ラバーキャットスーツでグランプリ

 YKKファスニングアワードで優秀賞を受賞した宮本麻希さん。Alt-fetish.comは、昨年来から彼女に協力。宮本さんにとって非常に重要な、卒業制作のショーに光栄にも、衣装協力させていただいた。ラバーキャットスーツを原価で提供したのであるが、その彼女、なんと、ショーでグランプリをとってしまった。
 彼女とは数十におよぶメールのやりとりで、衣装協力の事務的な打ち合わせからフェティシズムに関する互いの考え方の交歓に至るまで多岐にわたって親交を深める機会を得られたのが私にはうれしい。なんだかジジ臭いが、私は宮本さんという、若いクリエーターが、フェティシズム、とりわけラバーキャットスーツのフェティシズムに強い関心を抱き、取り入れ、社会に発信し、しかも評価されたという一連の出来事が、非常によろこばしく励まされるのである。
 きのうの個性の話に戻るけれども、ラバーキャットスーツというのはたしかに、それ自体けっこう個性的な、異質なアイテムで、使えば目立ち、一定の優位性は得られる。しかしそのアイテム自体が持つ個性に甘えることなく、宮本さんらしい表現の仕方すなわち個性でアレンジすることによってはじめて、こうした受賞は成し遂げられたはずだ。
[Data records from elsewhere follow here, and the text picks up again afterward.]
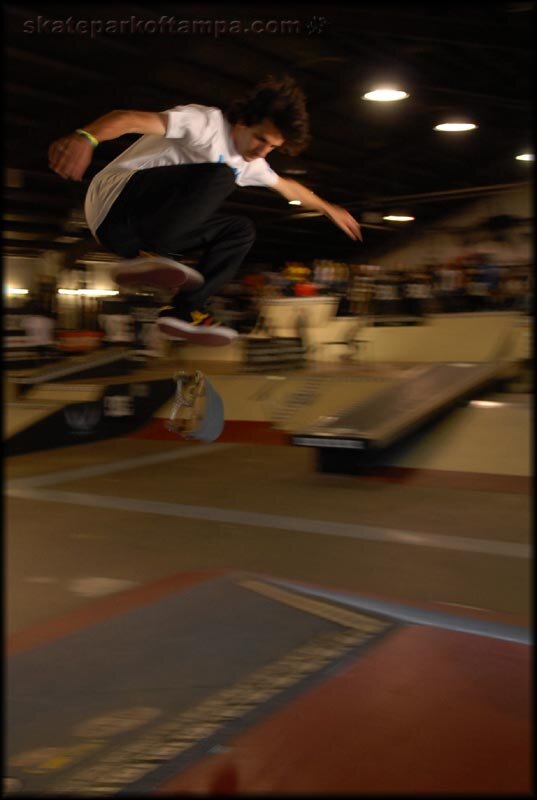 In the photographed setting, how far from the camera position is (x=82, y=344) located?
786cm

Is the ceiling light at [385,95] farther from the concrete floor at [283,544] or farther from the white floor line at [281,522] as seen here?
the white floor line at [281,522]

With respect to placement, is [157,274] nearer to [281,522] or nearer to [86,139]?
[86,139]

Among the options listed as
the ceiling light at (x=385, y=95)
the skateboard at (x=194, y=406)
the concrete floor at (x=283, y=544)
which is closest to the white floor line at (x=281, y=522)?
the concrete floor at (x=283, y=544)

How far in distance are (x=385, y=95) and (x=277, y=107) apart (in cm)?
209

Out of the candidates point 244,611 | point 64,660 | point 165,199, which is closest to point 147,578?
point 244,611

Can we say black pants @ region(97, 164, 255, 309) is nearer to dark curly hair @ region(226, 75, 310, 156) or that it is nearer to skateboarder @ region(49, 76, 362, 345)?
skateboarder @ region(49, 76, 362, 345)

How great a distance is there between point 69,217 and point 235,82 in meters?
1.33

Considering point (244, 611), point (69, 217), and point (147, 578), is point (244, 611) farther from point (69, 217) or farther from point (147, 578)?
point (69, 217)

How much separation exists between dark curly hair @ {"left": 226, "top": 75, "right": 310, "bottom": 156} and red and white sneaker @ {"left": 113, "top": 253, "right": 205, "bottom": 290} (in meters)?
0.49

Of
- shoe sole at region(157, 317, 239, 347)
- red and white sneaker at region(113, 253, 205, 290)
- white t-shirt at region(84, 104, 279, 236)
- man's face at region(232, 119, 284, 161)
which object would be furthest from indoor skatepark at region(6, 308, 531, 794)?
man's face at region(232, 119, 284, 161)

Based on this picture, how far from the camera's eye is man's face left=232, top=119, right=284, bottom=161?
2322 millimetres

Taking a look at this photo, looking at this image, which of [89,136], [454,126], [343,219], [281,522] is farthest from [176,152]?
[281,522]

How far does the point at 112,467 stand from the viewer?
9.69 metres

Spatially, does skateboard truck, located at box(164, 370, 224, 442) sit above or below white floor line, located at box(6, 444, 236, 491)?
above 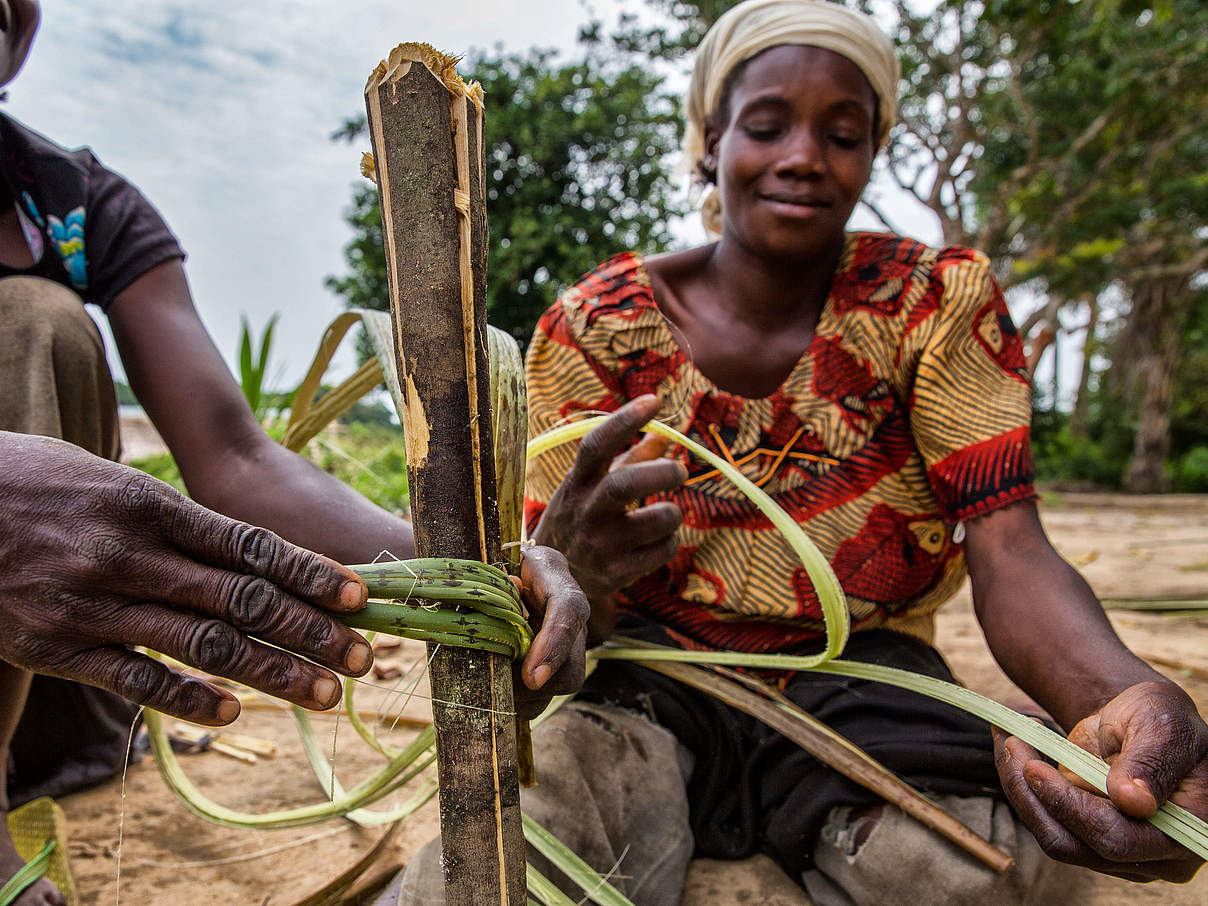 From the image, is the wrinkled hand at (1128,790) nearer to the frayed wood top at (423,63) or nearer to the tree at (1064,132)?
the frayed wood top at (423,63)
ラバーさえ使えば目立って誰でも賞を取れる、という話ではないのである。私の写真のように、ラバーを使って陳腐な作品を作ることさえ可能なのだ。しかし宮本さんがそうはならなかったのは、やはりそこに彼女の才能があったからにほかならない。
 その、宮本さんの卒業制作の作品写真などが近日私たちのところへ送ってもらえる運びとなった。読者のみなさんには期待して待っていて欲しいが、誰よりも興奮して待っているのはほかならぬこの私だ。